PowerSEC is built for the unglamorous reality of running other people’s WordPress sites: signed actions, scoped keys, encrypted transport, and backups you can actually restore.
Every action PowerSEC sends to a connected site is HMAC-signed with a per-site key. Requests carry a timestamp and a one-time nonce, and are rejected outside a short validity window — so a captured request can’t be replayed. Each action is recorded in the site’s audit log.
Sites authenticate with their own keys, separated by scope: a telemetry key for read/report traffic and a remote key for privileged actions. Compromising one site’s key never grants access to another, and keys can be rotated or revoked from Central.
All traffic between your sites, the dashboard, and Central runs over TLS. Per-site keys are scoped, rotatable, and revocable from Central; billing and third-party integration tokens are encrypted at rest.
Backups travel over encrypted (TLS) connections and are kept in secure cloud storage, encrypted at rest by the provider. Each upload is SHA-256-verified and re-checked for integrity in storage — downloaded only through short-lived, signed URLs, never from a public, guessable location.

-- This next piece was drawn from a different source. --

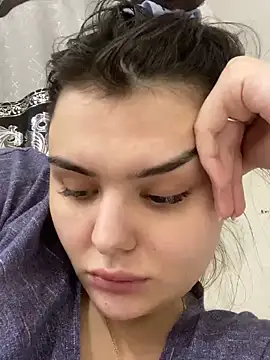 Snapshot of NikaMur chatting on 01/11/25, 10:29 NikaMur online show from 01/11/25, 10:29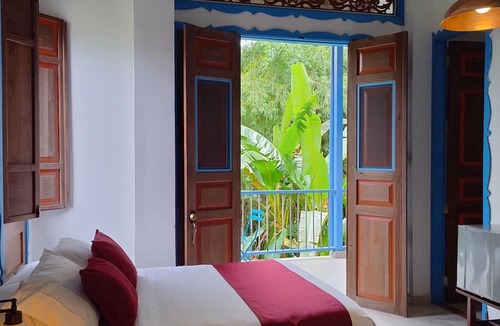 La Tebaida Hotel | Balsora Hotel Boutique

Dashboard access is JWT-based with role separation (owner, team, support, admin). Plan and feature gates are enforced on the server, not just hidden in the UI, so the API is the source of truth for who can do what.
Found a vulnerability? We want to hear about it. Email security@powersec.io and we’ll acknowledge and work with you on a fix. We don’t pursue good-faith researchers who follow responsible disclosure.

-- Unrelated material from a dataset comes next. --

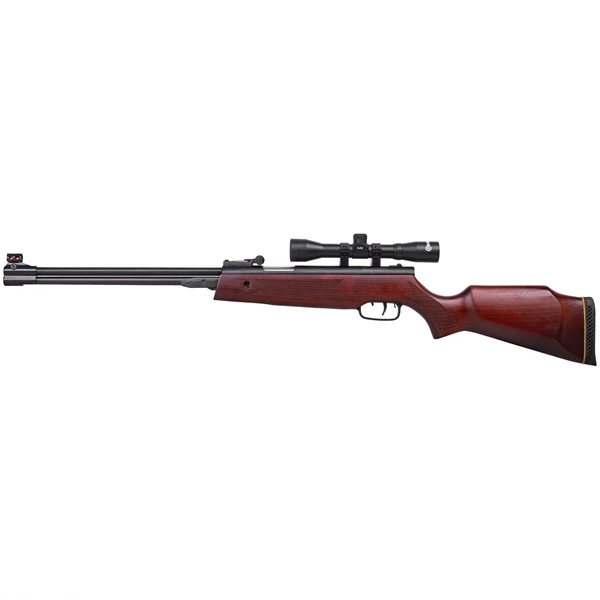 Luchtgeweer Marksman 2362 gen.2 5,5 mm richtkijker 4x32 onderspanner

The PowerSEC dashboard and API run on managed cloud infrastructure with TLS everywhere — connections between your sites and Central are required to be encrypted (HTTPS). Backups and uploaded files are kept in secure cloud storage and accessed only through short-lived signed URLs. We store the minimum we need to monitor and protect your fleet — security findings, backup metadata, and the settings you configure.

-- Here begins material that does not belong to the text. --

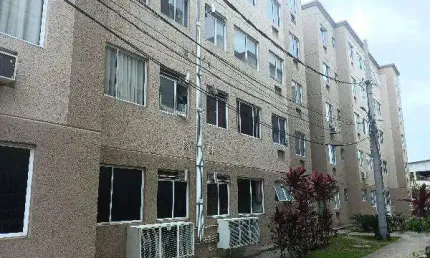 Oportunidade única em rio de janeiro - rj | tipo: apartamento | negociação: venda direta online  | situação: imóvel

We do not sell your data. See our Privacy Policy and Terms for how data is handled, retained, and deleted.
Responsible disclosure is welcome. Email security@powersec.io — we aim to acknowledge reports within 3 business days and will keep you updated on the fix. We won’t pursue good-faith researchers who follow responsible disclosure and avoid privacy violations, data destruction, or service disruption. See security.txt.